Hospital Cornea Retrieval Programme (HCRP) focuses on hospitals to retrieve corneal tissue because of several inherent advantages like availability of medical history, availability of tissues from younger individuals, reduction in time interval between death and corneal excision [8], availability of well-versed staff round the clock, trained Eye Donation Counsellors/Social workers can contact eye donor family for better counselling and motivation and also collect donor medical information. All the above studies suggests that hospital corneal retrieval is more effective with less effort, prior knowledge of eye donation is also not a prerequisite as the hospital staff can educate the relatives of the deceased.
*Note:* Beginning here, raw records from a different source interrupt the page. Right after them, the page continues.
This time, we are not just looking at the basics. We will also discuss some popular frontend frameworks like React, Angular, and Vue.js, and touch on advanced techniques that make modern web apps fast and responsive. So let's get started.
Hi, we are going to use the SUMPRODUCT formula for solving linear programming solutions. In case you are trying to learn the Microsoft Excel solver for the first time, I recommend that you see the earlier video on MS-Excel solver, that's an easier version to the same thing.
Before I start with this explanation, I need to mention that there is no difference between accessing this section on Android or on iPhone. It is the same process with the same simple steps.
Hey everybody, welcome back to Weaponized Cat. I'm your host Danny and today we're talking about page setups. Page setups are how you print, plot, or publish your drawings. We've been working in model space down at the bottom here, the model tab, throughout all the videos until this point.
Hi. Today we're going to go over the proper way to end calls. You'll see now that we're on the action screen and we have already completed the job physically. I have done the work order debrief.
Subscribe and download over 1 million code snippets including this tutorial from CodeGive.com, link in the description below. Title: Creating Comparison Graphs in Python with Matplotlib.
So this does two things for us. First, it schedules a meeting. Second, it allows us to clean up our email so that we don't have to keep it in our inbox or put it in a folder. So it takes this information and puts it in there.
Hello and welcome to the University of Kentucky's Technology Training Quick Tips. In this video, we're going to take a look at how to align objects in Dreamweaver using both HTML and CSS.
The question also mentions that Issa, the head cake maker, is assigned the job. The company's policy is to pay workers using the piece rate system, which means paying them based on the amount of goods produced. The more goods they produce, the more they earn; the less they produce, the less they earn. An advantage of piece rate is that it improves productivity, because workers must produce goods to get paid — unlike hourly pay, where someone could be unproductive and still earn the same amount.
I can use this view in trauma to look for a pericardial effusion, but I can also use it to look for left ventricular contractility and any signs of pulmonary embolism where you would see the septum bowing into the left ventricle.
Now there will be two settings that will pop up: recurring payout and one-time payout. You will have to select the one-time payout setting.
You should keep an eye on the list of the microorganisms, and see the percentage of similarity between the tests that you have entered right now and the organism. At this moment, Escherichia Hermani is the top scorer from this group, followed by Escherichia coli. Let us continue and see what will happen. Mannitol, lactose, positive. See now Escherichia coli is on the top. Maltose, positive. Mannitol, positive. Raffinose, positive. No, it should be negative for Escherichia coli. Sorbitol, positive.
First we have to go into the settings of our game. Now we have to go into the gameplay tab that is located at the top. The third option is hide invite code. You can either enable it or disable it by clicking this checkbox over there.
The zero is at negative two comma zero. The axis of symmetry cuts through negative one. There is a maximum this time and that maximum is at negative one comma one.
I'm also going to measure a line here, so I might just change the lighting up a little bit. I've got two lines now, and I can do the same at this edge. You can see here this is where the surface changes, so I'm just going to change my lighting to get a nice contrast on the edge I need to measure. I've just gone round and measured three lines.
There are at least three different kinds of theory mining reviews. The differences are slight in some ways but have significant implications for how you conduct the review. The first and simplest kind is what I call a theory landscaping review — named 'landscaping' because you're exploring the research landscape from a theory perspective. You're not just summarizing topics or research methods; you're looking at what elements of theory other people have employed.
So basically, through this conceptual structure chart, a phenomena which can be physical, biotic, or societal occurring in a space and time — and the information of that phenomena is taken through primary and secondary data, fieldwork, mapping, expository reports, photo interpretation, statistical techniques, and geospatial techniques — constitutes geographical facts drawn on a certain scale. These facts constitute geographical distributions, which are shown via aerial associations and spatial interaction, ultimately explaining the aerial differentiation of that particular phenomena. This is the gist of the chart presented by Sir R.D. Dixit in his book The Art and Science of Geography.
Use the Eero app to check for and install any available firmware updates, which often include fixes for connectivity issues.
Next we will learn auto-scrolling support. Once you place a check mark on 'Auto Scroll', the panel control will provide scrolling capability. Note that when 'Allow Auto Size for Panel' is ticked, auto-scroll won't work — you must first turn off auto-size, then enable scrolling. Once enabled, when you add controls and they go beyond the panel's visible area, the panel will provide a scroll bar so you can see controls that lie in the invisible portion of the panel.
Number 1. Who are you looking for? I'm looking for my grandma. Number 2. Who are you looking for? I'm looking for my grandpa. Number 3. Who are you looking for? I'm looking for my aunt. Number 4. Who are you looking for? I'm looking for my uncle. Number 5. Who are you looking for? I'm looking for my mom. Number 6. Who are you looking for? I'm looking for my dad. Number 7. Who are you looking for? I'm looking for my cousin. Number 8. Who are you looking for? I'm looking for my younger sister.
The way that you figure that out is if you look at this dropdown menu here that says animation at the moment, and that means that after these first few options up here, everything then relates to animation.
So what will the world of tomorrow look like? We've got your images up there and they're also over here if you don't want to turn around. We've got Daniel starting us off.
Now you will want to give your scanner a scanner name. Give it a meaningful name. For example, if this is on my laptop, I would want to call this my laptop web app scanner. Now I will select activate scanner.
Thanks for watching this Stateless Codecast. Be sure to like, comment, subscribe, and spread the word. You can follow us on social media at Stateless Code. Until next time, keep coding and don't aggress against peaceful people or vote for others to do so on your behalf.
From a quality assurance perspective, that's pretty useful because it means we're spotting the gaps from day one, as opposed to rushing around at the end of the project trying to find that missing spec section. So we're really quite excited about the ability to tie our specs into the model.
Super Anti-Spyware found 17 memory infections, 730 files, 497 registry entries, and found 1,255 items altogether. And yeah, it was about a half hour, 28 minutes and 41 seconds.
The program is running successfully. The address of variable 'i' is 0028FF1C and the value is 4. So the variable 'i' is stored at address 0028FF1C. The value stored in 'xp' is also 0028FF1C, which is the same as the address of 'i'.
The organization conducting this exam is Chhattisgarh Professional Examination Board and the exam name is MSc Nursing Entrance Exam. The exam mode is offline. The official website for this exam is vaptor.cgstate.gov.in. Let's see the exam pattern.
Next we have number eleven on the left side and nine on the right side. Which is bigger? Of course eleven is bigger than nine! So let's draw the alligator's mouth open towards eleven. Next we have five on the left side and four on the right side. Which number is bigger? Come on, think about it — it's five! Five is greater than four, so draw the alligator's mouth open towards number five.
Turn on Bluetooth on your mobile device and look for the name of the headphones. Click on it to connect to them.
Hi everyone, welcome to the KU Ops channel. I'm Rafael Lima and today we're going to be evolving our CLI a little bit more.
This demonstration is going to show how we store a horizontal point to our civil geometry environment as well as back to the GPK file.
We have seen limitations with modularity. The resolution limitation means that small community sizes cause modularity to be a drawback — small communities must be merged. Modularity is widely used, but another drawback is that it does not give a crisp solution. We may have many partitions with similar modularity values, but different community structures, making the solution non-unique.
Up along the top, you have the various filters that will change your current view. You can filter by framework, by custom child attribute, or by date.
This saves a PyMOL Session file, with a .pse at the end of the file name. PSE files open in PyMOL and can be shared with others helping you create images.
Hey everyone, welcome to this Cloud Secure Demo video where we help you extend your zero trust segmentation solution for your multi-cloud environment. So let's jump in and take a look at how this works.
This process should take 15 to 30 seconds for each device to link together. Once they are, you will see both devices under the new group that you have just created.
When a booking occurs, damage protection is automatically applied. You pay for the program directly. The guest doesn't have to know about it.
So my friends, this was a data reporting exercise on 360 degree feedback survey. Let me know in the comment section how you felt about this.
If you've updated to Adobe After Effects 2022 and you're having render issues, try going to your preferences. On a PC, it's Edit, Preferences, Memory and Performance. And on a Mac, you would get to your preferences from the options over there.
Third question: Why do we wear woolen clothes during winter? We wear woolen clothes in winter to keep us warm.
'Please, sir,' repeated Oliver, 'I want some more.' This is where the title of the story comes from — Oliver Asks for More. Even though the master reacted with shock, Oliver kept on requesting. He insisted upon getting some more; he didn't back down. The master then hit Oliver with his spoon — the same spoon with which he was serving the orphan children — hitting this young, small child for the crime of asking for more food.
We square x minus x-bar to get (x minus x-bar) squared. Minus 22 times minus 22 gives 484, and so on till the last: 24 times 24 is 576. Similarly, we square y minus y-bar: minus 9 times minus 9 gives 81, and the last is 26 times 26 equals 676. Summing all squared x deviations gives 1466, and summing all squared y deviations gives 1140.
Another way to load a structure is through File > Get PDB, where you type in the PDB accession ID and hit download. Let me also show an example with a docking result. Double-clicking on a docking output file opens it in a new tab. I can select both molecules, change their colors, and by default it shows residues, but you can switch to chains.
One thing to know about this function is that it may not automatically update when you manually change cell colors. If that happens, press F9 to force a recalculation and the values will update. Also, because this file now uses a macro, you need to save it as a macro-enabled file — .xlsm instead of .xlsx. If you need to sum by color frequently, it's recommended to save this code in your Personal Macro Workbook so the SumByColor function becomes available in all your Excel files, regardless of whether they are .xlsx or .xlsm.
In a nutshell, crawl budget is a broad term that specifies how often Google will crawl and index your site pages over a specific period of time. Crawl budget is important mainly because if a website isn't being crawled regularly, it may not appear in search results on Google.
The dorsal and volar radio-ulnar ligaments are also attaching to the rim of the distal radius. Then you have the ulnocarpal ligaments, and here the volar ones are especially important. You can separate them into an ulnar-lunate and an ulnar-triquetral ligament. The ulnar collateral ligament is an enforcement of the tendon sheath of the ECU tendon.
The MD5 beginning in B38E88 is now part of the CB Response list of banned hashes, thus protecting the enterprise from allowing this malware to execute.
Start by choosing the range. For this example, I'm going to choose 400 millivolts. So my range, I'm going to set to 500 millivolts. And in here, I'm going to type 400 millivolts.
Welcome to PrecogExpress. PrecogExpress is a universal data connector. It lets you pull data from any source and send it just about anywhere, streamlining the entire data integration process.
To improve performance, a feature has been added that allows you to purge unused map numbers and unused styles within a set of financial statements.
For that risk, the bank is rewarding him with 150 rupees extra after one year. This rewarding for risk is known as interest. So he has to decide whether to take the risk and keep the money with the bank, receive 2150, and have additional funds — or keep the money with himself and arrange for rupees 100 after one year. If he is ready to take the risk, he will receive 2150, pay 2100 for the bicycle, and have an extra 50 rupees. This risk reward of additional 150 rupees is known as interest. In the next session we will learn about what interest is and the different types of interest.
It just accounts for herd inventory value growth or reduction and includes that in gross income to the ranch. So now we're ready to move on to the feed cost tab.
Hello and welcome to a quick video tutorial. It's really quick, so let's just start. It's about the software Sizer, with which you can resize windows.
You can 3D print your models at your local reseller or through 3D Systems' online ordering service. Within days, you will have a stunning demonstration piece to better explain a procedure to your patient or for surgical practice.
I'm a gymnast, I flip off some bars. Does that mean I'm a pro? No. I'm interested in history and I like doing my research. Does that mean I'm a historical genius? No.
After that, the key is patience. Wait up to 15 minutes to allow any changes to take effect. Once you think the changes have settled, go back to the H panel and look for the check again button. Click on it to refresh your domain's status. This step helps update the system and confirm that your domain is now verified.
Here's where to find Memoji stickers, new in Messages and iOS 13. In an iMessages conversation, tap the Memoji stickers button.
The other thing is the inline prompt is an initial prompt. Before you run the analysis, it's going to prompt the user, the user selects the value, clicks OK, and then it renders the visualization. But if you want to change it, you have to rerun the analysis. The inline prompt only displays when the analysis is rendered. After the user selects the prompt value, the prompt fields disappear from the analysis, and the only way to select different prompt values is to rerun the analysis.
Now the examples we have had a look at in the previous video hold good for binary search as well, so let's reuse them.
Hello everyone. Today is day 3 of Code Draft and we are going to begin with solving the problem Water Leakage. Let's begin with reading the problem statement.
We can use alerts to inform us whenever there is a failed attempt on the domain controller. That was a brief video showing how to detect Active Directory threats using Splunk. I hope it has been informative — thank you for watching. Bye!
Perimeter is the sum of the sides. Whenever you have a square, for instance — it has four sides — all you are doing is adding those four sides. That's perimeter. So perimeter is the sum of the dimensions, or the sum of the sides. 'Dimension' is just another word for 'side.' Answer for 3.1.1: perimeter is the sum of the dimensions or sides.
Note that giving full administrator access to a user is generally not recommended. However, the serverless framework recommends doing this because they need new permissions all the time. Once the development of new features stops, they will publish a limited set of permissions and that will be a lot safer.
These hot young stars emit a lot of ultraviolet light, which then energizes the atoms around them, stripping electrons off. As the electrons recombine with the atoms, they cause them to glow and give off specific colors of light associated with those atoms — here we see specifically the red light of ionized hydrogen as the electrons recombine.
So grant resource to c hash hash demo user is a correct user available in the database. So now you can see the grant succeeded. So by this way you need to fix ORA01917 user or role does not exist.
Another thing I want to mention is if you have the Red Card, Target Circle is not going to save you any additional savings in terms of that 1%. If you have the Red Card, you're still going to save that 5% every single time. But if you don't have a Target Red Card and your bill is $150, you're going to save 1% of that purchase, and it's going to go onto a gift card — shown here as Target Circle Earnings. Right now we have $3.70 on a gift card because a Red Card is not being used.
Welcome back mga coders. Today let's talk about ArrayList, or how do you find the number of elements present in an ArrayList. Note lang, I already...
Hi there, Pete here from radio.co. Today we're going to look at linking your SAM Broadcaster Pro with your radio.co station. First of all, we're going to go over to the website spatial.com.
NPCB has stressed upon to keep a tag on the hospitals where mortality rate is high (at least 4 to 5 deaths per day). In this hospital where we have conducted our study mortality rate is 2 to 3 per day so the potential for corneal retrieval is high.
According to our study, we can retrieve cornea in 86% of deaths i.e. from 736 out of 855 deceased persons which is a huge number and will contribute enormously in treating corneal blindness.
Limitations
Limitations of this study was, being a retrospective study, we couldn’t collect data regarding willingness of the relatives for deceased eye donation and also regarding the status of cornea of the deceased at the time of death.
Conclusion
Hospital corneal retrieval program has got a great potential to bridge the gap between the need for the cornea and actually collected corneas, which will contribute enormously in eliminating corneal blindness. In our study there was 86% potential for corneal retrieval among the hospital deaths.
Number of deaths in males (565) is greater than females (290).Number of deaths highest between 41-60 years age group (343).